Summer programs at the maritime centerSometimes it’s said that the best things in life come free. At the Lake Superior Maritime Visitor Center — located in the heart of Canal Park — everything is free, including its summer programs.
Sometimes it’s said that the best things in life come free.
At the Lake Superior Maritime Visitor Center — located in the heart of Canal Park — everything is free, including its summer programs.
“We’ve been having our summer programs since we opened in 1973,” Kevin Gange, a park ranger for The Lake Superior Maritime Museum Association, told the Budgeteer. “Our programs offer ways to interpret our local history.”
The visitor center, which is operated by the U.S. Army Corps of Engineers, is offering a series of summer programs between 12 and 4 p.m. now through Labor Day.
“Our most popular programs are about the shipwrecks and lighthouses,” Gange said. “And people have really enjoyed both the outdoor and indoor tours.”
Also a part of the visitor center summer series is “The Pier History Tour,” a 30-minute outdoor walking tour that allows visitors to learn about the history of Canal Park.
“The walking tour adds a different dimension to our visitors’ experience,” he said. “They can talk to a live guide, ask questions, and have things explained.”
Among the programs, which include films, videotapes, and slide-lecture presentations, are exhibits that can be viewed daily from 10 a.m. to 9 p.m. during the summer season.
“One of our main points of interest is the replicas of a full-size pilot house with three ship cabins,” Thom Holden, director of the maritime center, told the Budgeteer.
Besides that, there are dozens of scale model ships scattered about the building.
“All the ships are of the same scale — with the exception of the Edmund Fitzgerald — and we have both modern and historic Great Lakes freighters,” Holden said.
There are not only points of interest inside, but also outside, he said.
“We’re nestled right in with the Lift Bridge and the ship canal, as well as three lighthouses right on the pier,” Holden said. “Our center provides a public place for people to interact with vessels when they’re “right in your face” coming through the ship canal.”
And if people can’t be in Duluth to watch the ships travel through the canal, the maritime center offers a ship web cam that can be accessed from their website at www.lssma.com.
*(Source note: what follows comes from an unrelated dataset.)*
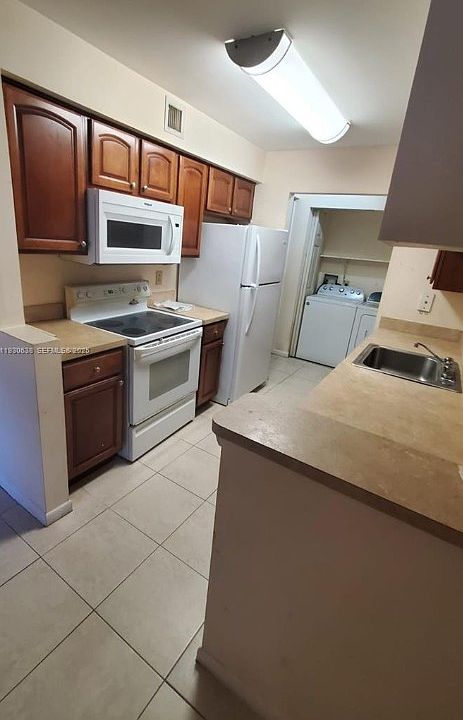 1st image of 9877 Westview Dr #628R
“We try to get schedules out for all the ship arrival and departures and make them available to the public,” Holden said. “And people can watch the web cam from out of state or out of town at their computer.”
Just this past year, the maritime center added a new exhibit about the shipwreck of the Thomas Wilson, a whaleback freighter that sank in June of 1907 in the Duluth harbor.
“Our exhibit tells of the collision and also includes several artifacts, which are now on display,” he said.
“We have all kinds of exhibits to do, see, and learn,” Gange said.